Any suggestions? Seems like a long shot but it would be fantastic if they could be tracked down.

18 Comment

  • Cool idea – I have twice tracked down people from old postcards. Though failed to find the sender of a message in a bottle from New Zealand.

    If DMV doesn’t work out, I wonder if car dealerships for that type car might. (I don’t know what it is but someone will.) Many dealerships have been owned by families for generations, and a family with wealth enough to travel this much may have bought new cars regularly, as was common back then. Perhaps also look for message boards for State department, World Bank.
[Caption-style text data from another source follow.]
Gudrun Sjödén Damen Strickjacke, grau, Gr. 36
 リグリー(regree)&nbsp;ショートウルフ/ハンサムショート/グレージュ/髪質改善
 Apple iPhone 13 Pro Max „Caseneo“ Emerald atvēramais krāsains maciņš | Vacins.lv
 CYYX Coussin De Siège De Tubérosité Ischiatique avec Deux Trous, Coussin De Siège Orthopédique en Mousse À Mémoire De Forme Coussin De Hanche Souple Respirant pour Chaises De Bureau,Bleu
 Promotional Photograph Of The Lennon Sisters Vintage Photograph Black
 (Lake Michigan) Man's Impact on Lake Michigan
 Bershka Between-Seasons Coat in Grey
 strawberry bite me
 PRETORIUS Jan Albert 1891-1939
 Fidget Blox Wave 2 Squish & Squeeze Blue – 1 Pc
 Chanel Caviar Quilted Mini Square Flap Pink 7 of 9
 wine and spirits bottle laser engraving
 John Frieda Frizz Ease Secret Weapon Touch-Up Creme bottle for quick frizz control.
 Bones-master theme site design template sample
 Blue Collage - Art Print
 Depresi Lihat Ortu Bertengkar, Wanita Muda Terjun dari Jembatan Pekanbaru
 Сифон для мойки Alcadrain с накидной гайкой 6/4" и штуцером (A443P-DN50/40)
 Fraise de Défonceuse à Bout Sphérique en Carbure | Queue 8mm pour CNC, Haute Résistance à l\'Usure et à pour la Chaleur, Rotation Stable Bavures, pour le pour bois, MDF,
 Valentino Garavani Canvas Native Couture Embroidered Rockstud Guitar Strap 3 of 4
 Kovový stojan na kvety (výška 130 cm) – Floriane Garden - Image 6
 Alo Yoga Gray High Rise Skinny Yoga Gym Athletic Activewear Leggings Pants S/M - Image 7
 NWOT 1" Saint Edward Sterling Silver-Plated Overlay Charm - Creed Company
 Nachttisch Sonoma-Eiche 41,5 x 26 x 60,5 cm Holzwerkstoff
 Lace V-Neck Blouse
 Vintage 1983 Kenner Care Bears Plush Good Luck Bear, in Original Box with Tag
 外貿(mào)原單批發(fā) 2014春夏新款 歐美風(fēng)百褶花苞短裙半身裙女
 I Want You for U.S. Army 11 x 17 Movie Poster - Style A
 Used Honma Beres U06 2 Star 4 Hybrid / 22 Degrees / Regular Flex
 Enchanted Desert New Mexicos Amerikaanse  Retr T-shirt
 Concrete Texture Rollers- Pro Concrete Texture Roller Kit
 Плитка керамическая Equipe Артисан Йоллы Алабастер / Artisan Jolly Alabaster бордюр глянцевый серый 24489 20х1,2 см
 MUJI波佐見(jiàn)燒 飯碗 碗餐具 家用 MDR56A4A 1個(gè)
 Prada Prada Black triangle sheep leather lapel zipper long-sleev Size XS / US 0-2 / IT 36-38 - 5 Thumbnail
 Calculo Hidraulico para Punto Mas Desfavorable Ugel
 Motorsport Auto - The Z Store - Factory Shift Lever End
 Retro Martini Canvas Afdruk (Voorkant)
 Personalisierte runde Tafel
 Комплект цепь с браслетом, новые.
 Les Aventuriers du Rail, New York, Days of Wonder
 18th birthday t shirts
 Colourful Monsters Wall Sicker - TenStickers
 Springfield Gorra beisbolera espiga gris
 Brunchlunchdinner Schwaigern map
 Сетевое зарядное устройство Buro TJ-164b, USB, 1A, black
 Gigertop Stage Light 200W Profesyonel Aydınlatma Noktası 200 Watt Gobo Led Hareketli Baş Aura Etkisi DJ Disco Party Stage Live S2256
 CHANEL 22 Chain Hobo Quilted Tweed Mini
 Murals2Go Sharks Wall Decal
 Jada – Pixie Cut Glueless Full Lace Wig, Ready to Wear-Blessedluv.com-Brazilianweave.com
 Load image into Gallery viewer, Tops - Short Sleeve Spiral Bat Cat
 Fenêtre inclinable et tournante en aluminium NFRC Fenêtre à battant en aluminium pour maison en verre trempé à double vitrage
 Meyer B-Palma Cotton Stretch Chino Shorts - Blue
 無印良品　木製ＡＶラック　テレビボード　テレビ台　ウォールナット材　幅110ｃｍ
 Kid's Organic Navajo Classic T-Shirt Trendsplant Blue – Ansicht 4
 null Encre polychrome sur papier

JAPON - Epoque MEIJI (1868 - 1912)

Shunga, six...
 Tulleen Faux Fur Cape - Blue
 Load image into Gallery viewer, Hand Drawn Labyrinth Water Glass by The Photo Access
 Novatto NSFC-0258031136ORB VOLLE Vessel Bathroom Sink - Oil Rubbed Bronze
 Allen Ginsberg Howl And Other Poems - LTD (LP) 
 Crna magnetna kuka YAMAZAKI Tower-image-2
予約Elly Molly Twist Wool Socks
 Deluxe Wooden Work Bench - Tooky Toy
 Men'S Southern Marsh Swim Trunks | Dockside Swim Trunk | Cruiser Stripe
    There may be lots of clues in other photos. Good luck

  • There are several license plate search engines online for a fee of about $30 if you care to spend that.

    Please provide an update with your search if you are successful.

    Cool Post! Good Luck.

  • I’m pretty sure that’s Helen Thomas second from the right.

  • Rather than the DMV, which probably systematically destroys old records on a rolling basis like most other government agencies, I’d try talking to an expert in old license plates to see if there’s any way to gleen data therefrom. Maybe someone at ALPCA:

    Good luck.

  • This wasn’t their car anyway! They were getting ready to steal it. It’s pretty obvious they were moving quickly to hot wire the thing and skedaddle.

  • I’d recommend reading “The Girl with the Dragon Tattoo.”

  • There’s a great film called “Lost Holiday” that you might enjoy. I saw it at Silverdocs last year. It’s about a group of Czech tourists that find a bag of undeveloped film in the trash in Sweden, if I remember correctly. They spent the next couple of years (!) trying to track down the random Asian strangers in the photos. Worth a watch.

  • I would certainly suggest tapping the Arlington Library Archives. This is an unusual search, but that’s what makes it fun and that just might get you someone who’s interested enough to go out of their way to help.

    You can reach them at:
    1015 N. Quincy St
    Arlington, VA 22201
    (703) 228-7724

    Do keep us posted.

  • I would certainly suggest tapping the Arlington Library Archives. You can reach them at:

    1015 N. Quincy St
    Arlington, VA 22201
    (703) 228-7724

  • “I’ve enjoyed them and thought their kids might want a family keepsake.”

    Sometimes family treasures are thrown out by accident. And sometimes they are thrown out for a reason.

    Maybe the kids just don’t think their ancestor’s road trips are interesting or valuable. Or maybe there are bad memories lurking in between those slides that the kids and family have tried very hard to put behind them.

    Tread carefully when deciding to track down strangers for things like this. Be prepared that they may not want anything to do with you or the items you’ve found.

    • debbie downer!

      • Its nice that you have nothing but pleasant memories and wouldn’t mind a stranger knocking on your door and offering you a trip down memory lane. Not everyone is so fortunate.

    • I once bought a lot of old photos from the children of the owners of this house, all kinds of old photos of DC life and I asked them, “Are you really selling these?” and they told me “Why would you want a bunch of old pictures?” I told them about the history and life in the 1950s and the woman just responded, “I lived here, it wasn’t that great.”

      Not everyone is like us.

    • If that were the case, the owners would have burned the photos.